A Holiday in August
Though there may be many holidays during the year such as Christmas, Halloween, or New Years, many do not know about the holidays of August which is the season of harvest. Although the direct time of when it was first celebrated is unknown, it is believed to have originated in the Anglo Saxon period inspired by a pagan holiday. Lammas Day is celebrated on the first of August which would be on Saturday this year. Also known as Loaf Mass Day or Lughnasadh, it is a holiday that celebrates the first wheat harvest of the year and marks the end of that year’s hay harvesting season; the harvests that are celebrated also include the grain harvests of barley, oats, and rye. Mostly celebrated in the Northern Hemisphere such as England, Scotland, Wales, and Northern Ireland, it is also believed to be celebrated in order to honor the Lugh, a prominent god in Irish mythology known as a skilled craftsman. This led to celebration of Lammas Day in the medieval times to include booths that sold a variety of items and the booth itself being decorated with a colourful array of ribbons, especially green, or with fall colours.
Other traditions of Lammas Day include baking bread made with the first wheat crop. The bread would then be taken to church to be blessed and ripped into four different pieces to be placed in the corners of a barn. This process was known to protect the harvested grain of that year. Often baked in a variety of different shapes it was usually baked into a wreath, corn, or owl to represent Lammas Day. Another tradition was to create corn dolls using corn husks from the harvest as well as using other dried up grains to create a variety of items such as bowls or hats made with dried oat stalks.
Here’s how you can celebrate Lammas Day:
You can make your own corn doll
The only items that are essential to making a corn doll are dried corn husks to create the doll itself, cotton balls to create the shape of the head, and finally some string or ribbons to help it keep its shape.

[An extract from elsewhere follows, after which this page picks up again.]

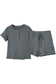 Laurel Green Waffle Knit Buttoned Top and Drawstring Shorts Set - Fashionfitz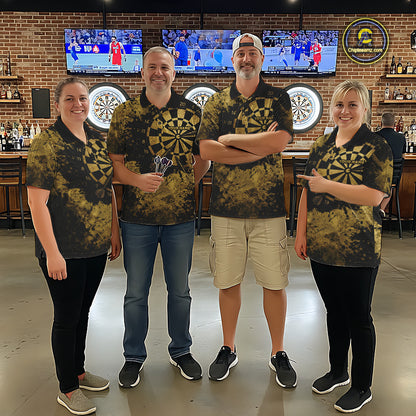 Personalized Grunge Gold Dartboard Women Dart Shirt Custom Name Dart Team Jersey For Darters NYN2968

Bake your own Lammas bread
The Lammas bread does not have to have a specific recipe as long as it’s just freshly baked bread from scratch, but a way to make it more festive would be to create it in different shapes just as the Anglo Saxons did when celebrating Loaf Mass Day.
Create your own Lammas Altar
It may not be for religious reasons like the pagans when they celebrated Lughnasadh but harvest and the fall season can still be celebrated. Common items to put on the Lammas altar include symbols of autumn such as autumn leaves, acorns, nuts and symbols of the harvest such as a corn husk chain, corn dolls, and items of the harvest itself.